Anti-bullying candlelight vigil held in Campbell


Ashley Garcia, 19, says she thought death was better than living, and after being bullied by so-called friends, she attempted suicide.

Garcia had to drop out of school because of the bullies. She is now studying to become a paramedic so she can save lives.

Her brother, 12-year-old Jacob Garcia, is now a target at his school.

"It's mainly three kids that are bullying me almost once a week," Jacob Garcia said.

Both attended a candlelight vigil for 19-year-old Amanda Brownell, who is confined to a wheelchair after attempting suicide in a school cafeteria bathroom when she was 16. Brownell cannot see, walk, talk or eat on her own now.

"If I would have known, I could have done something different," said Amanda's mother Ann Brownell.

Brownell was in San Jose's Del Mar marching band. Her mother says Brownell received around 3,500 harassing and spiteful text messages in a one-month period.

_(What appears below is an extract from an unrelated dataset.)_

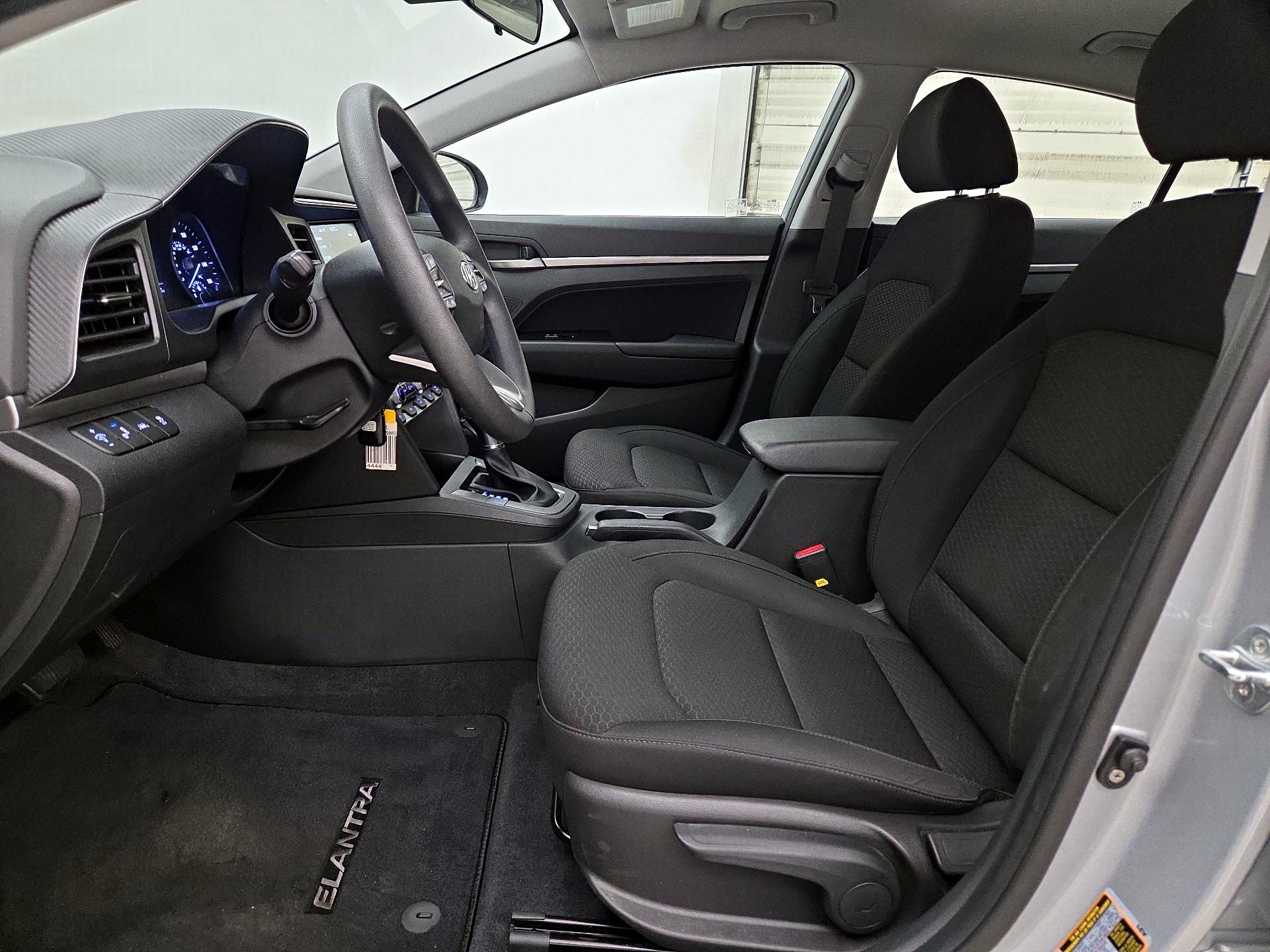 Thumbnail: 2020 Hyundai Elantra - 11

"They were saying she was a lesbian, bisexual, that she was pregnant, and that she had AIDS and was spreading it," Brownell said.

Since her attempted suicide in December 2008, her mother has been leading an educational campaign called the Amanda Network to prevent teen suicide and bullying.

"For everyone one suicide (where) a kid dies, there's 100 kids that attempt it," said Brownell.

About 100 parents and children attended the candlelight vigil for Amanda Brownell at the Campbell United Methodist Church. Those who attended received scarves and wristbands in purple, Brownell's favorite color.

Those who attended also donated to the anti-bullying campaign and took a pledge to stop bullying wherever they see it.

Saturday's vigil was the third for Brownell. When asked how long she planned to keep the vigils going, her mother said she would continue until bullying stopped and there was no more teen suicide.